Our increasingly interconnected and dynamic world challenges managers to find new ways to understand and control change. The accelerating rate of technological, organizational, and social change means managers are faced with situations that are in many ways new, and must increasingly deal with the unexpected. Managers are not alone in facing such daunting tasks. Modern society is built upon systems of enormous complexity, from nuclear power plants to jumbo jets. A pilot, for example, must also control a system of great complexity and be prepared for the unexpected. There is, however, one significant difference between the pilot of a jet and the manager of a business. No airline would dream of sending a pilot up in the real thing before they had had extensive training in a flight simulator on the ground. The simulator allows the pilot to learn, to make mistakes, to experience the unexpected without risk to passengers or aircraft. Yet managers are expected to fly their organizations into unknown skies with their only training being management 'ground school' or experience as junior crew members.
This management flight simulator is based on the manual version of The Beer Distribution Game. In the manual game, teams of participants manage each level of the distribution chain. Their are four levels in the system - Retailer, Wholesaler, Distributor, and Factory. Each week, the players at each level receive shipments of beer from their suppliers, fill as much of their customers' orders as possible from their inventory, and place new orders for beer with their supplier. Their goal is to keep company costs as low as possible while meeting customer demand.
The Beer Distribution Game Management Flight Simulator gives you the opportunity to 'fly' a company yourself. The simulator functions just as an aircraft simulator does. You will take command of a firm and pilot it from start up to success. Each simulated time period you will make operational decisions and receive feedback from your past decisions. You may be surprised by side effects and delayed consequences of your own decisions. But there is no winning or losing. The purpose of the simulator is to give you insight into the behavior of a distribution system and to illustrate the difficulties of developing a robust strategy for managing even a very simple system. More fundamentally, the flight simulator is a laboratory in which you can systematically explore the consequences of various strategies without risking the fortunes of the real enterprise.
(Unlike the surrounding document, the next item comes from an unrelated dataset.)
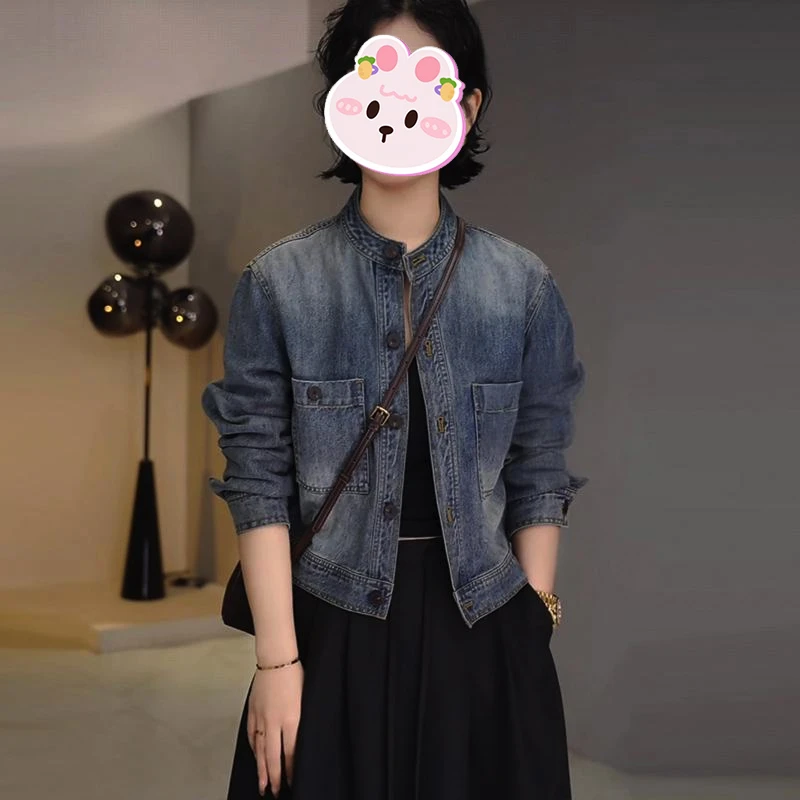 蓝色立领纽扣短款牛仔外套女秋季新款复古通勤高级感宽松夹克上衣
The Beer Distribution Game is not about and does not promote beer or drinking. It is about the dynamics of supply chains and teaches principles for effective management. The beer distribution system is chosen only as a representative instance among a wide variety of products and systems to which the lessons of this simulator are applicable. Hardware Requirements: The Beer Distribution Game Management Flight Simulator runs on the Macintosh family of personal computers, from the Mac Classic up, including Powerbooks. It is System 7 and 7.5 compatible. It requires only 800K bytes of RAM, and runs in color on color machines. The simulator includes a User's Guide and Instructor's Manual.